__EXERCISE DESCRIPTION__:
Retype, word for word, each line between the lines holding "Illustration Flying Eagle" and "Lovely Heart Keychain", inclusive, and leave the rest of the data alone.
[DATA LISTING]
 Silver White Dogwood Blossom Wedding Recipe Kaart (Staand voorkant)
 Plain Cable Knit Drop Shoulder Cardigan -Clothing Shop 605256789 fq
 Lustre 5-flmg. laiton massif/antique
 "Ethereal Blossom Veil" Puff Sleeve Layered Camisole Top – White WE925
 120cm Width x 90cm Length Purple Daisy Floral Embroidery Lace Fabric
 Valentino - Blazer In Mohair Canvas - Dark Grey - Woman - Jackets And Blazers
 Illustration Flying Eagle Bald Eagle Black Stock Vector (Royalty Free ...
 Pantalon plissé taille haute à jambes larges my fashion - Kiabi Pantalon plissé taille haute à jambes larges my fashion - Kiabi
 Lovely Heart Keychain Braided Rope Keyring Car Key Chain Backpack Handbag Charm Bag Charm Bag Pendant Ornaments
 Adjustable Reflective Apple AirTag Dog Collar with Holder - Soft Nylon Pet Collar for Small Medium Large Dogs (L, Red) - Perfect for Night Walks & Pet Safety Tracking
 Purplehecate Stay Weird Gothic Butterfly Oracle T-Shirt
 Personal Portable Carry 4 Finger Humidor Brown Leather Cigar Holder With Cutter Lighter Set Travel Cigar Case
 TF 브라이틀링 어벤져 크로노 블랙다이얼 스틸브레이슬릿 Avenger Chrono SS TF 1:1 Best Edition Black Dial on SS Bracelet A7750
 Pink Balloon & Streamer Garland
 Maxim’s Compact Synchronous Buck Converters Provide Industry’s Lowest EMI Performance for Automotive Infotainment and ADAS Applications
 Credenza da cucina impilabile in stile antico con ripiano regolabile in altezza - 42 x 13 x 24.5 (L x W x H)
[/DATA LISTING]
__THE COMPLETED TASK__:
 Illustration Flying Eagle Bald Eagle Black Stock Vector (Royalty Free ...
 Pantalon plissé taille haute à jambes larges my fashion - Kiabi Pantalon plissé taille haute à jambes larges my fashion - Kiabi
 Lovely Heart Keychain Braided Rope Keyring Car Key Chain Backpack Handbag Charm Bag Charm Bag Pendant Ornaments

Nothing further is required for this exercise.